Start of PROVIDED MATERIAL

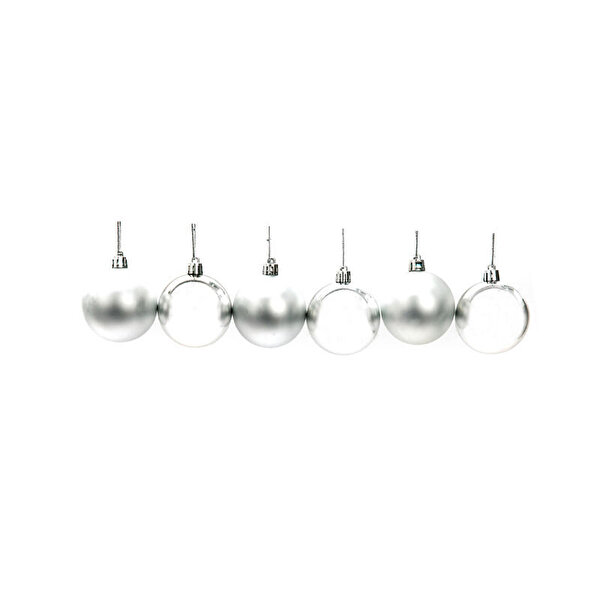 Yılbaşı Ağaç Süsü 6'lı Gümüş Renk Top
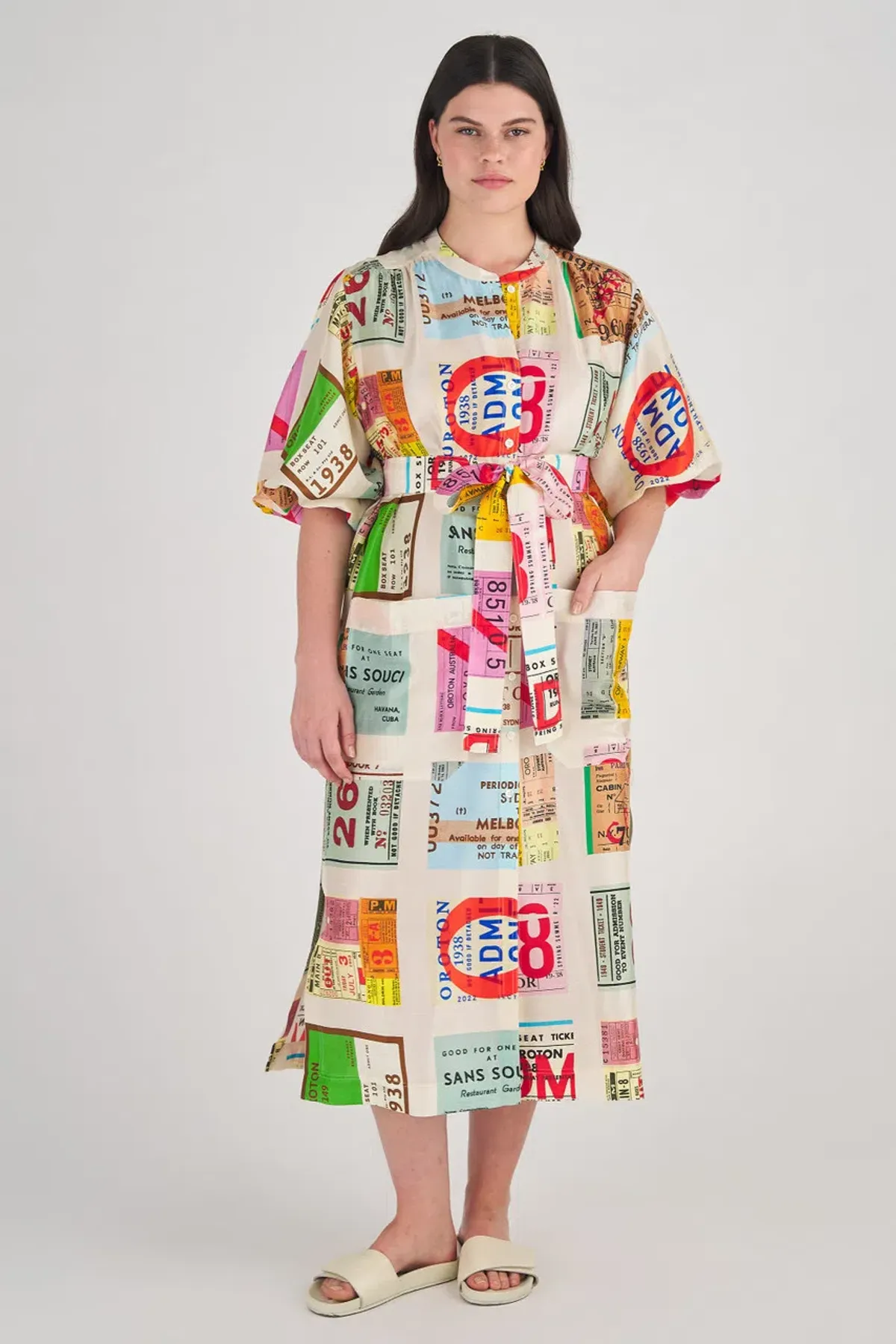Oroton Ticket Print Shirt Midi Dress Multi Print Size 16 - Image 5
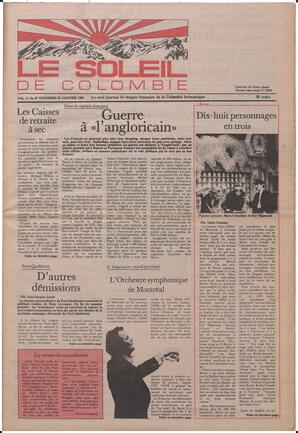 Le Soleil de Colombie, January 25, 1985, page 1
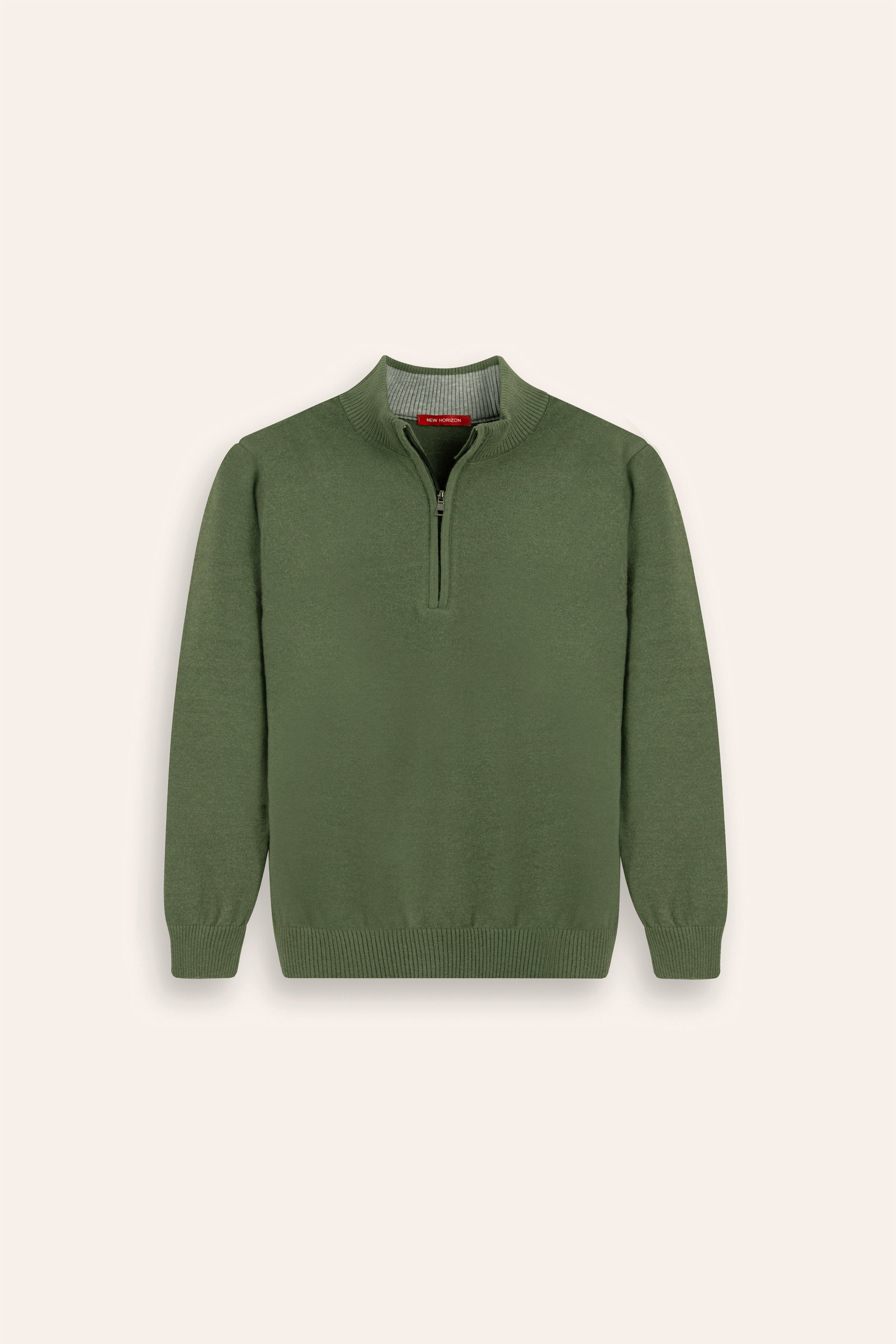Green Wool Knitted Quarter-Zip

End of PROVIDED MATERIAL

→ **EXERCISE DETAILS**:
Leaving images out, please output every line of the data exactly.

→ **SOLUTION**:
 Yılbaşı Ağaç Süsü 6'lı Gümüş Renk Top
Oroton Ticket Print Shirt Midi Dress Multi Print Size 16 - Image 5
 Le Soleil de Colombie, January 25, 1985, page 1
Green Wool Knitted Quarter-Zip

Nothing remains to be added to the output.